The traditional tenders/dingy is not very stable but properly taken care of they could last years...
I bristle whenever I hear the statement about traditional tenders not being stable. Many people have formed that opinion, based on experience with some unstable designs that are out there in abundance. But there are plenty of very stable designs -- you just have to learn to distinguish between them.
Try to avoid any dinghy that has a rounded bottom and/or soft or no chine at the turn of the bilge. What you should look for is a flat- or slightly v-bottomed, slab-sided design. I tend to prefer pram-style in the smaller size-range, not only because you get more "volume" for a given length but also because the pram approach allows the design attributes that lead to stability to be carried further forward, improving stability.
The dinghy in your link might work, but it looks a bit heavy (for towing, anyway).
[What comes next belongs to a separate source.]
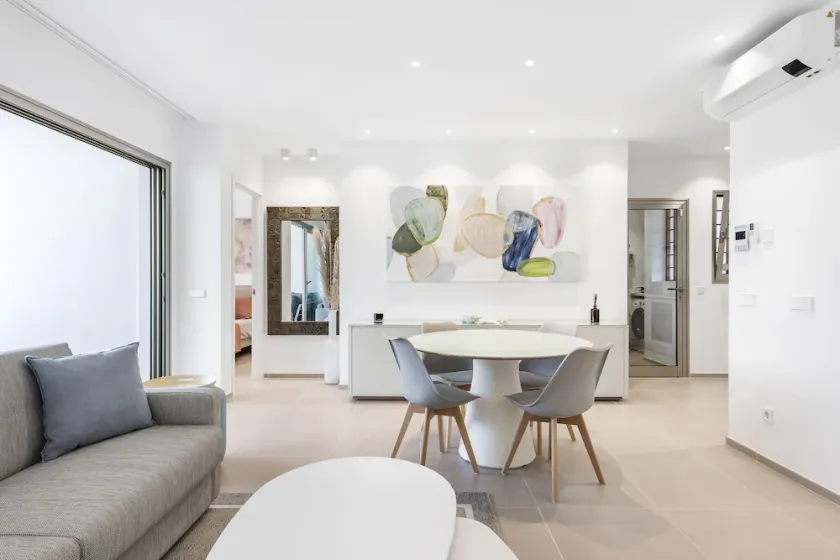 Luxury apartment: air conditioning, swimming pools, heating, gym, fibre optics, garage - Image 1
I am not a fan of the plastic material, though. Plus, no sailrig, right? For me, lack of a sailrig option would be a showstopper on a hard dinghy. Sailing versatility is one of the great things about hard dinghies.
If you do plan to tow, I would get a first hand account of how well that Watertender does for towing before purchasing. Usually for towing, you want a dinghy that will easily get up on a plane. I have my doubts about that tri-hull.
I think you know what I like (check out the CLC Eastport Pram, or Passagemaker Dinghy). But if you don't want to build your own, the Dyers, while not prams, are stable and make good sail-trainers for kids or adults.